In April, I visited Mashangva at his home, a one-room extension of his aunt’s house in Imphal’s Nagaram neighbourhood. Mashangva met me on a tin-roofed veranda, which doubled as a living room. Beyond it, I made out a bare room with a crib and a guitar case. After a quick exchange of pleasantries, Mashangva took me across the street to the cottage of his friend Chamroy, a political activist he calls his “consultant.” The two have known each other for over two decades, and almost always collaborate on songs. “When an idea for a song strikes me, I go to Chamroy. We sit together and figure out the concept and Chamroy pens it down,” Mashangva explained.
Sitting in Chamroy’s dimly lit cottage, Mashangva recalled the musical backdrop of his childhood—a soundtrack he has been trying to recreate through documentation and recording for nearly thirty years. While people in his village farmed, for example, they would call out a rhythmic luishom laa (paddy-planting song). Mashangva quoted one of these songs in Tangkhul:
Why rest elbows on the knees?
Do it well, while planting.
Plant the rice equally well
To be firm and strong.
Let them rest, rest in the bosom
As they need to be.
Mashangva was drawn to music as a young boy, and his father fashioned his first guitar out of a big wedge of wood. But his early engagement with music was restricted to church hymnals and choirs. “The village church used to have a rotary-handled record player, which was our only source of gospel songs,” he said. “The church was where the action was.” Cassettes were a relative luxury, but Mashangva, like many of his peers, started listening to rock music on shortwave radio stations like the BBC and Voice of America, which was broadcast from Rangoon. In the 1980s, when a deluge of pirated music came in from Thailand via Burma, he was introduced to Western musicians such as BB King, Eric Clapton, Creedence Clearwater Revival, Bob Marley, and his favourite, Bob Dylan. In a state overrun by insurgency, where many young men and women related to amplified, aggressive rock and distorted heavy metal, Mashangva nurtured a relatively quieter passion. “Singing folk and blues songs became very fulfilling,” he said. Despite having no formal training, Mashangva became proficient at blues guitar and comfortable with the harmonica, flute and tingteila.

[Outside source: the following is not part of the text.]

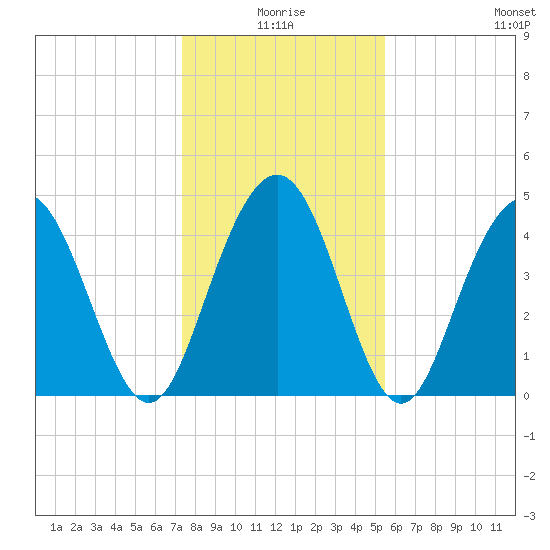 Wappoo Creek bridge tide chart for Friday, January 7, 2022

Mashangva started composing in the 1980s, but couldn’t focus solely on music. He left school, a seven-kilometre walk away in Ukhrul, after completing the tenth standard. He became a craftsman like his father, and began travelling to craft bazaars around the country to sell his bamboo and wooden decorative pieces. (His woodworking skills would come in handy later, when he began restoring and modifying folk instruments.)
In his early thirties, after briefly working for an insurance company, Mashangva decided to devote himself to music full-time. His wife, a schoolteacher whom he married in 1990, supported his decision. In 1987, he and his brother Shan composed ‘Chonkhom Philava,’ which became Mashangva’s first recording. Soon All India Radio Imphal started playing Mashangva’s songs across several frequencies.
Recognition off the air first came after a successful performance during a Naga Students’ Federation conference in Ukhrul, in 1992. The performance launched Mashangva’s career in Manipur and beyond (by 2012 he had performed at more than forty shows around India, and now averages two concerts outside of Manipur a month). In 1999, Mashangva released an album in English and Tangkhul titled Tantivy, which sold an impressive twenty thousand cassettes. Mashangva kept branching out in terms of genre, bringing in new collaborators and playing a more diverse range of shows, including those of a more commercial nature.
In 2000, Mashangva had his first high-profile national performance, on Rock Street Journal magazine’s Great Indian Rock show, where he played ‘Chonkhom Philava.’ The song, also included on his full-length 2007 album Creation, had changed quite a bit since its composition, and continued to do so as Mashangva’s music veered gently away from traditional folk forms to incorporate more blues shuffle rhythms and Western instrumentation. According to Mashangva, the seamless fusion of Naga folk and Western folk and blues in the song’s more recent incarnations, and in his music in general, “took me more than twenty years to figure out.”
Mashangva is not the only one to have made a connection between these genres. As ethnomusicologists have pointed out, the rhythms of agricultural work underscore both the blues, which are rooted in the drudgery of plantation labour in the American South, and the folk songs Mashangva grew up hearing on the terraced rice paddies and jhum (slash-and-burn cultivation) fields of his village. That implicit affinity was not lost upon Mashangva even as a young man.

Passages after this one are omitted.